In your copy, include every record exactly and no pictures.

> **DATA RECORDS**
=-=-=-=-=
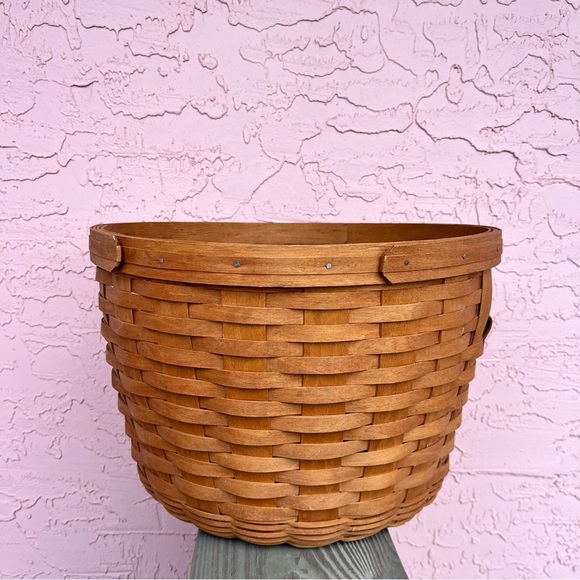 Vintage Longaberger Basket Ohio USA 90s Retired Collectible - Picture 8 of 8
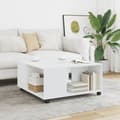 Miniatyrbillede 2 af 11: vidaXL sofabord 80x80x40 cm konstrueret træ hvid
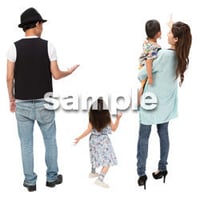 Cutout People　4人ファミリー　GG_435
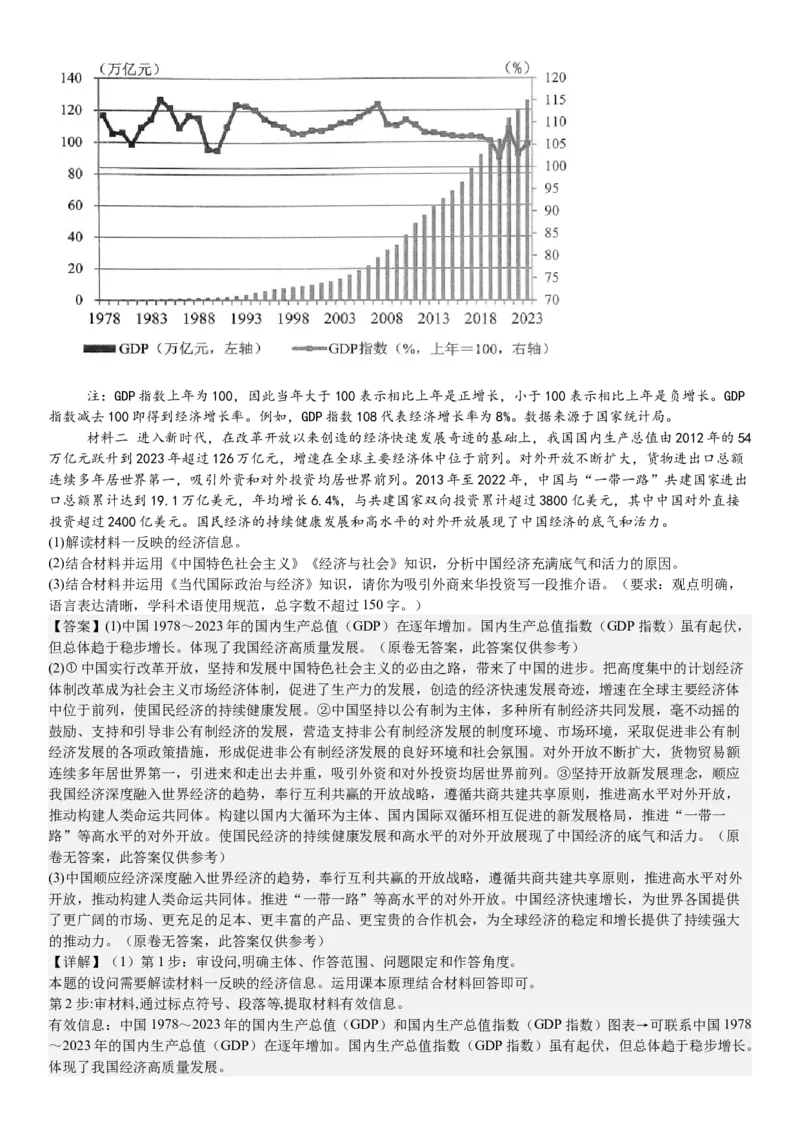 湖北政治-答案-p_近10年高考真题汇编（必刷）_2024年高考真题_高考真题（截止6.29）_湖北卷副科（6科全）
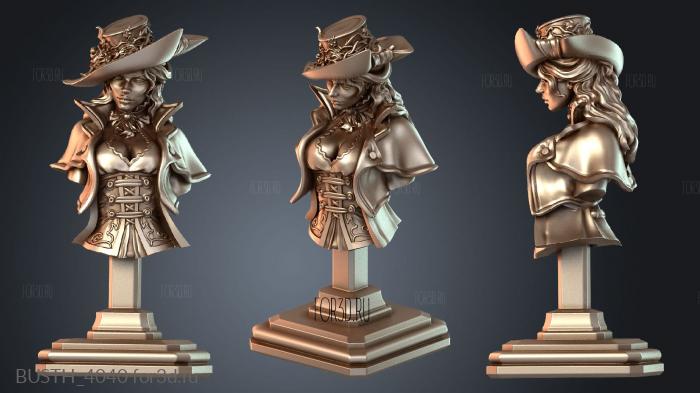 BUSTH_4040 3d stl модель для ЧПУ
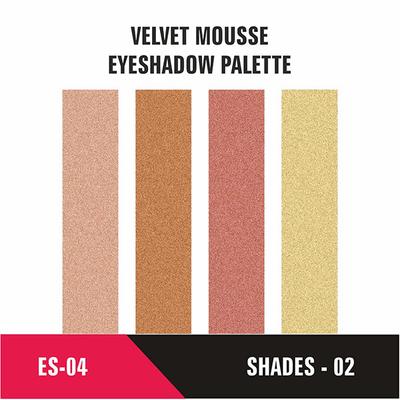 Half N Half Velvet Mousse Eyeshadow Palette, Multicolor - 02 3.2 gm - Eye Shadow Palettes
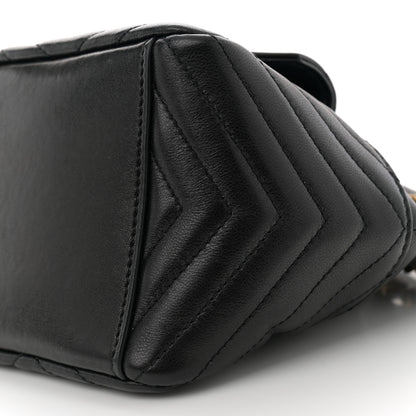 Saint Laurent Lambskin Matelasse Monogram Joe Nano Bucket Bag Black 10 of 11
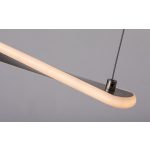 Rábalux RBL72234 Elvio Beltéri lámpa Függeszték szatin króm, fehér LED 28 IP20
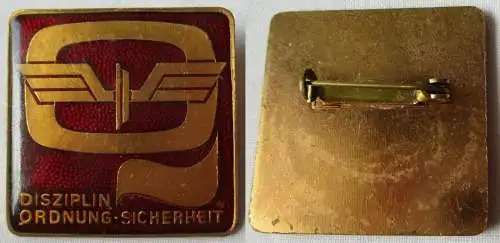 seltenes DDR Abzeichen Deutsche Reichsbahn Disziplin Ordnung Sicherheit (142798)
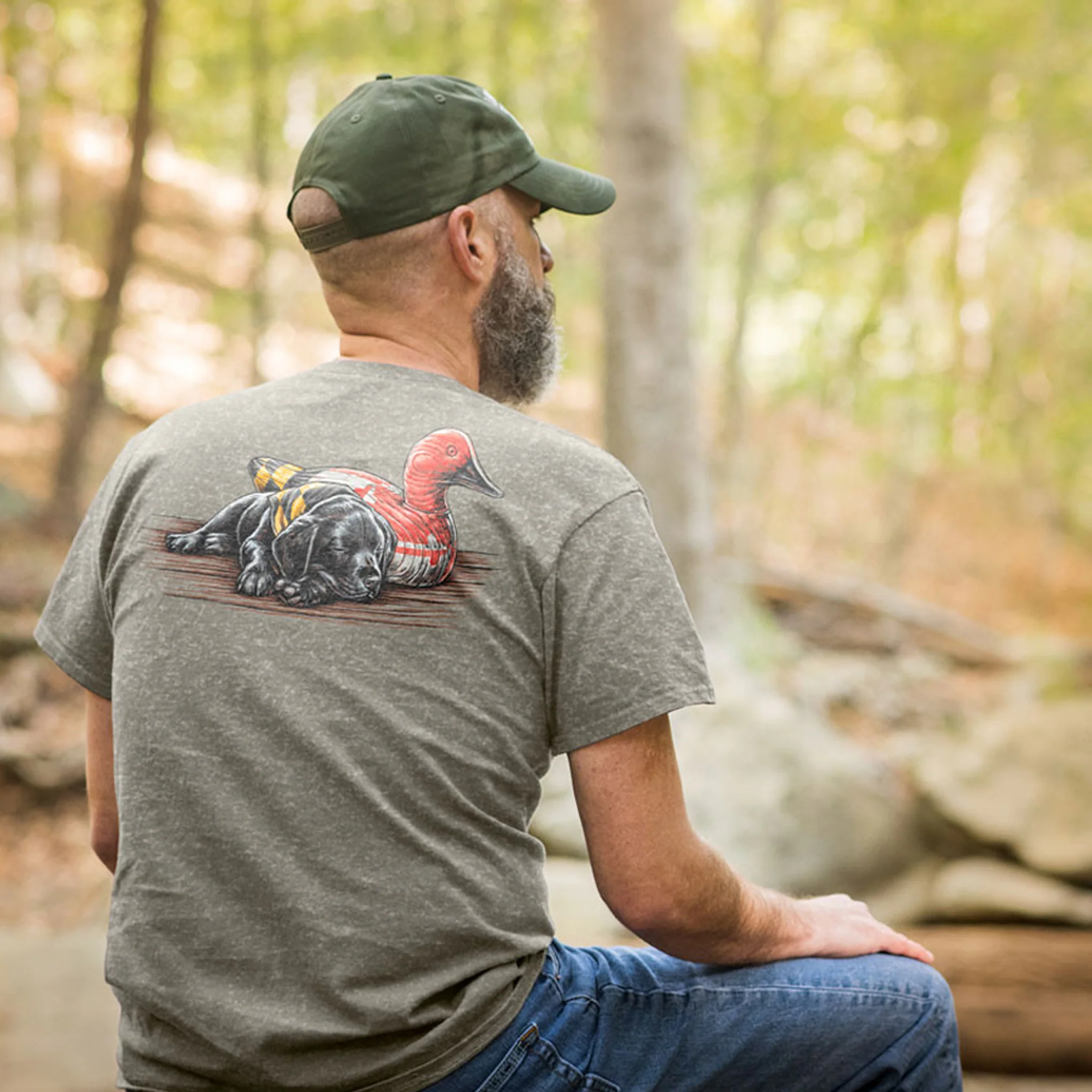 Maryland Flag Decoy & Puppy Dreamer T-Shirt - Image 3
=-=-=-=-=
> **YOUR RESPONSE**
 Vintage Longaberger Basket Ohio USA 90s Retired Collectible - Picture 8 of 8
 Miniatyrbillede 2 af 11: vidaXL sofabord 80x80x40 cm konstrueret træ hvid
 Cutout People　4人ファミリー　GG_435
 湖北政治-答案-p_近10年高考真题汇编（必刷）_2024年高考真题_高考真题（截止6.29）_湖北卷副科（6科全）
 BUSTH_4040 3d stl модель для ЧПУ
 Half N Half Velvet Mousse Eyeshadow Palette, Multicolor - 02 3.2 gm - Eye Shadow Palettes
 Saint Laurent Lambskin Matelasse Monogram Joe Nano Bucket Bag Black 10 of 11
 Rábalux RBL72234 Elvio Beltéri lámpa Függeszték szatin króm, fehér LED 28 IP20
 seltenes DDR Abzeichen Deutsche Reichsbahn Disziplin Ordnung Sicherheit (142798)
 Maryland Flag Decoy & Puppy Dreamer T-Shirt - Image 3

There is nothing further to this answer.